A designer did not infringe the Star Wars film franchise's copyright when he sold replica Stormtrooper helmets because copyright law does not apply to them. The designer will face an English court hearing on US copyright law over the sales.

Andrew Ainsworth worked on the original helmets for the Star Wars films in the 1970s and now sells replica helmets based on his original moulds. Lucasfilm, the company behind George Lucas's Star Wars franchise, sued Ainsworth in the US and the UK over the sales.

It won a copyright judgment against Ainsworth in the US and sought to enforce it through the UK courts and to conduct a separate case in the UK.

Mr Justice Mann has said, though, that copyright law does not apply to the helmets because they are not artistic works. This means that while Ainsworth cannot be sued under UK law, neither can he rely on the copyrights he claimed in the works.

The court refused to enforce the US judgment against Ainsworth because sales to US buyers did not count as full trading there, and because Ainsworth declared himself not subject to its courts' jurisdiction. Instead an English court must hear the case against him that he breached US copyright laws by selling material to people in the US.
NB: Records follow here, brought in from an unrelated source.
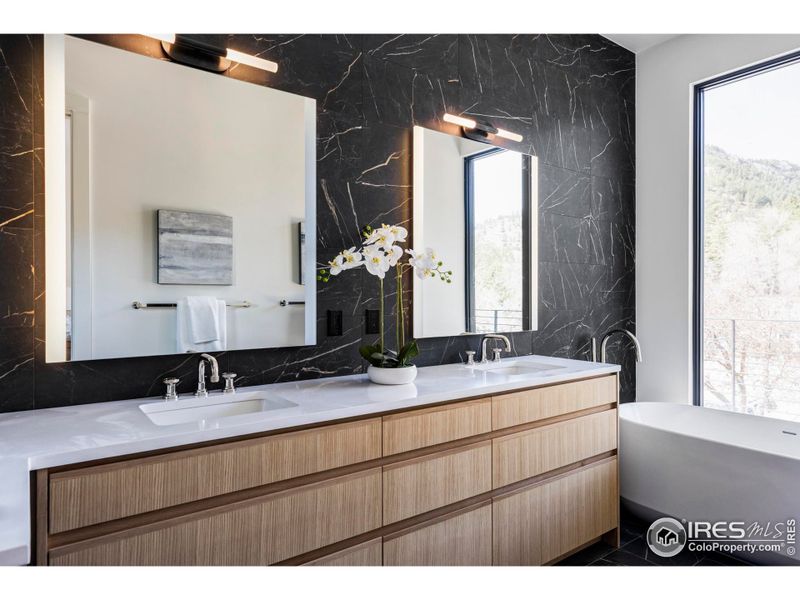 The primary bathroom offers its own spa-like retreat with a soaking tub looking out to the foothills, custom white oak cabinetry, quartz countertops, lighted mirrors and sleek tile work.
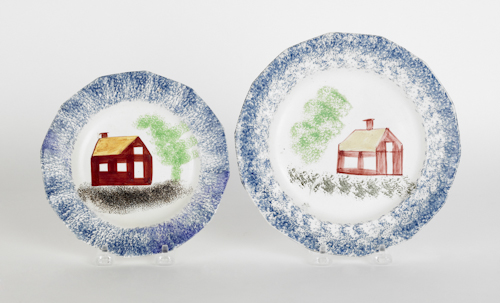 Two blue spatter plates with schoolhouses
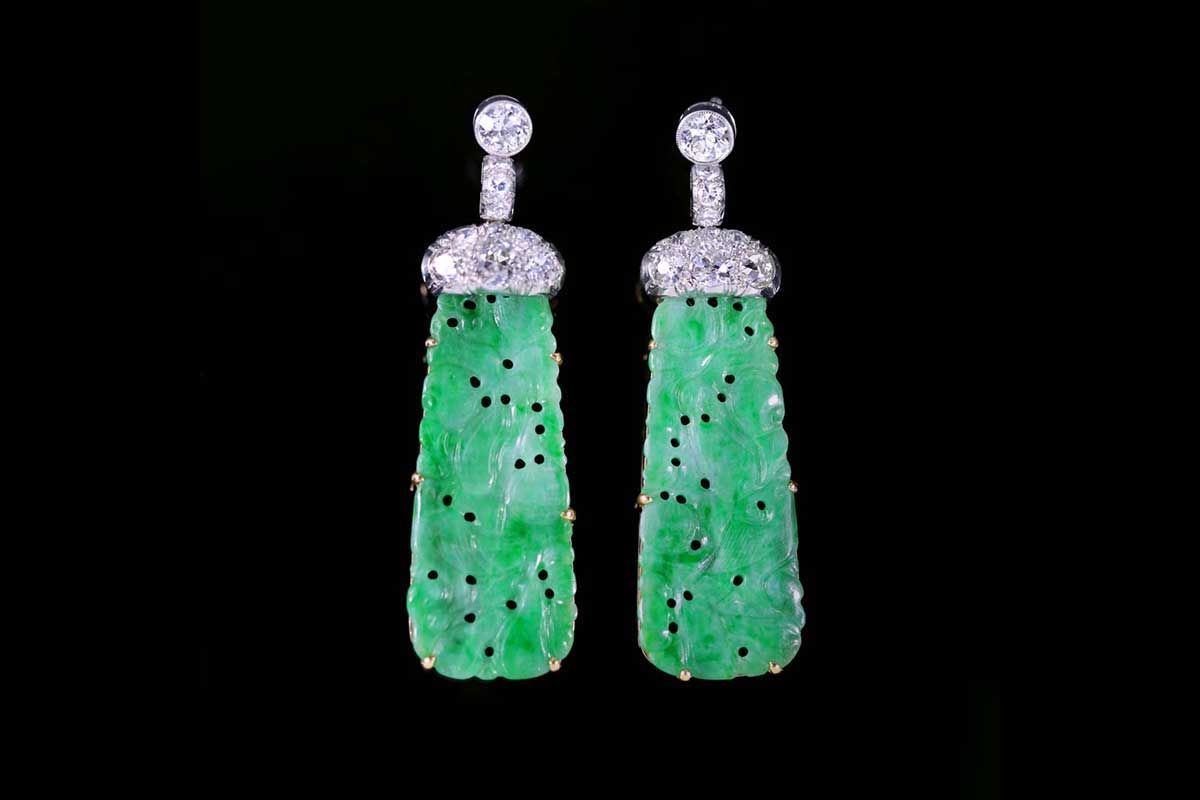 Une paire de boucles d'oreilles pendantes ornées de pendentifs en jade vert sculpté, sertis de diamants, sur fond noir.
"Mr Ainsworth has committed acts which are said to be an infringement of US copyright. There is a judgment about that in the US which, so far as it goes, and so far as it is useful, will operate there. However, he has chosen not to submit himself to the US jurisdiction, and under present English conflicts rules the US judgment cannot be enforced against him where he currently is," said Mr Justice Mann in his ruling. "If he were to be allowed to say that the US copyright claims cannot be enforced against him here at all, the consequences of what is said to be a wrong in the US would not be brought home to him in any practical sense."

The ruling said that Ainsworth would be right if he claimed that the US courts are a more appropriate place to hear that case, but that he could argue that while at the same time rejecting the authority of the US courts over his business.

Mr Justice Mann addressed part of the US copyright case, leaving part for a future hearing. The US copyright law case was that Ainsworth's helmets infringed copyright in drawings produced by Ralph McQuarrie.

Ainsworth claimed that the three dimensional helmets created from the drawings could not infringe copyright because of an exception in US law for utilitarian or functional items. Mr Justice Mann said that that defence was not available to Ainsworth.

"So far as these English courts are concerned the position is clear enough and it is possible to make a clear finding against Mr Ainsworth on the utilitarianism point; that is to say, that Mr Ainsworth cannot successfully raise a utilitarianism point against the copyright asserted in this claim," he said.

Another hearing would be needed to determine the implications of that finding, but the court said that the question of whether or not the helmets were utilitarian was the only one that needed to be settled, leaving Ainsworth little room to win a case on US copyright law in further hearings.

The court ruled that the helmets were not protected by UK copyright law. Copyright law has various categories of protected items, and to gain that protection the helmets would have to have qualified as sculptures or as general works of artistic craftsmanship (WACs).

Mr Justice Mann said that they were not sculptures because they were made as film props and not as an artistic end in themselves.

He also said that they were not WACs, that they had the characteristics of props, evidenced by three dimensional-looking detailing being painted on to the surface of the helmets. 

"I am prepared to assume that the ultimate production of these articles was an act of craftsmanship," he said. "Mr Ainsworth can fairly be called a craftsman – he produces high quality products and has a justifiable pride in his work. He is not a slavish copier, or a jobbing tradesman. The production of the helmets and armour required the activity of a craftsman to realise the vision of the creators of the film in this respect. However, I do not consider that they are works of artistic craftsmanship."

He said that because the helmets did not fall into one of the categories specified in the law, they were not protected by it.

Mr Justice Mann also said that Ainsworth was not as large a part of the creative process as he claimed, and said that he had a tendency to view events "through his own Ainsworth-tinted spectacles".